As more wayward celebrities use rehab as damage control, the public is bound to become cynical.

February 07, 2007

LAST THURSDAY, San Francisco Mayor Gavin Newsom admitted with a directness rare in a politician that he had an affair with the wife of his campaign manager. "I want to make it clear that everything you've heard and read is true, and I'm deeply sorry about that," Newsom said at a news conference.

The mayor's apology came with no ifs, ands or buts. For once, the public was presented with a simple and frank admission of wrongdoing. Most refreshing of all, Newsom did not undermine his sincerity with the by-now-obligatory confession that he has a substance abuse problem and will be entering rehab. For four days, anyway.
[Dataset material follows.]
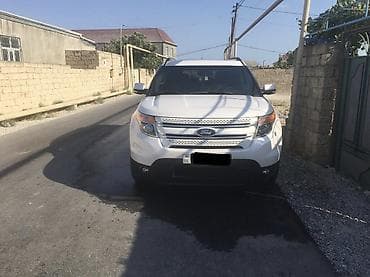Ford Explorer Limited – ağ rəngli, 7 yerlik tam ölçülü SUV — 7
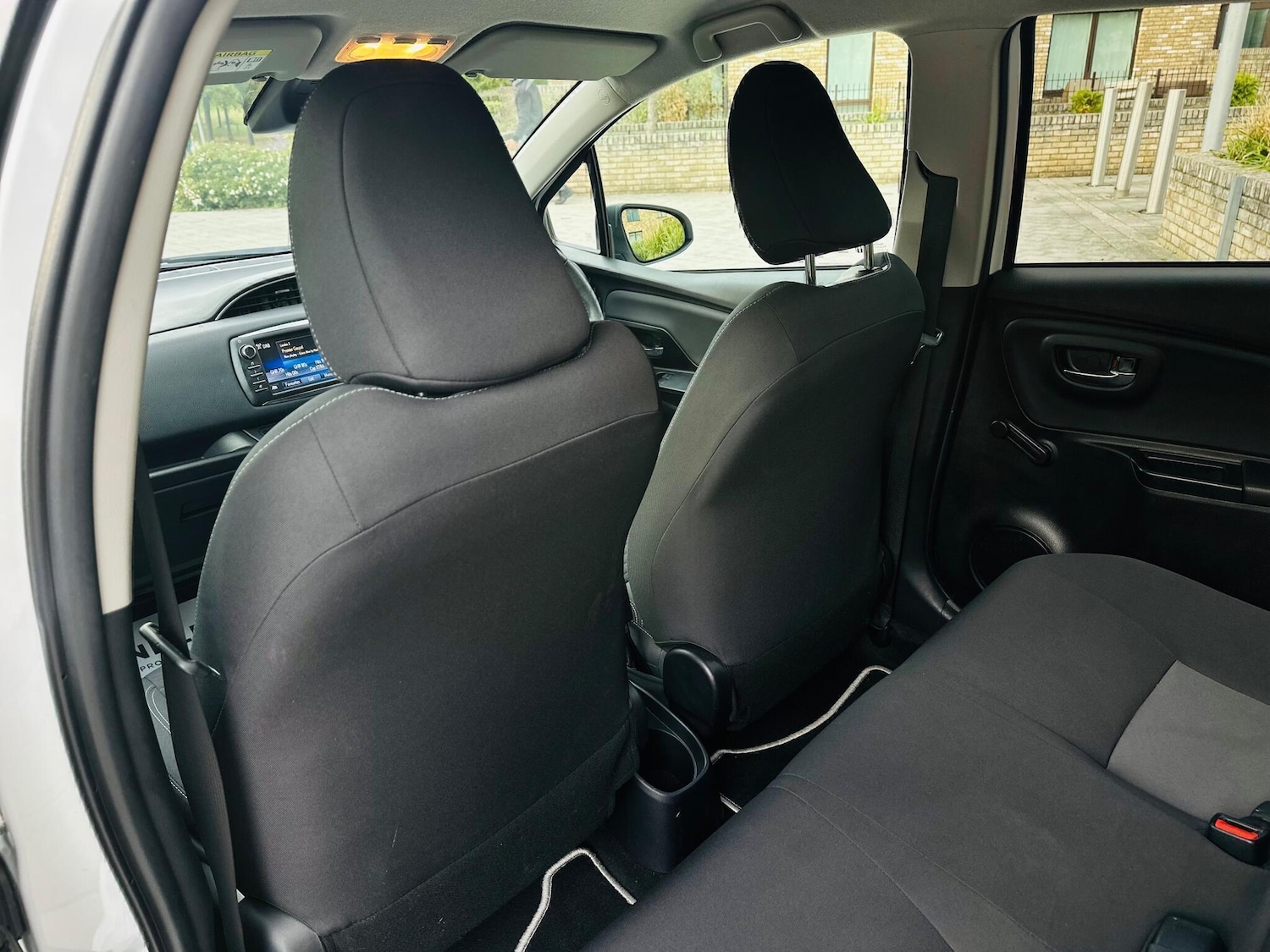 Used Toyota Yaris 2018 for sale - 76505093: Photo 12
On Monday, the mayor announced that he would be seeking treatment to stop drinking. "Upon reflection with friends and family this weekend," he said, "I have come to the conclusion that I will be a better person without alcohol in my life."

In his defense, the mayor did say that his problems with alcohol "are not an excuse for my personal lapses in judgment." Still, the timing of his announcement inevitably recalls the recent two-step programs executed by former Rep. Mark Foley (alcohol treatment for inappropriate conduct around congressional pages), Miss USA Tara Conner (alcohol rehabilitation after reports of underage drinking) and Mel Gibson (the Promises Center for ranting against the Jews).

It's Crisis Management 101 -- first you apologize (while avoiding specifics; wouldn't want any trouble from the lawyers), then take "full responsibility" for your actions, then loudly announce that you are seeking a treatment whose first step is admitting you are "powerless." The inference to be drawn by the public is that it wasn't you who did those bad things, it was the disease (or disorder or lack of cultural sensitivity or "issues" that haven't been "worked out"). Your obligation isn't to "sin no more," it's to "get help."

The problem is that, after seeing so many compromised celebrities seek therapy, the public is likely to come to a different and more cynical conclusion: that the primary purpose of rehabilitation is damage control. The further afield the alleged disease is from the damaging symptom, the less likely people will buy it as an excuse and the less likely the cure will even be appropriate.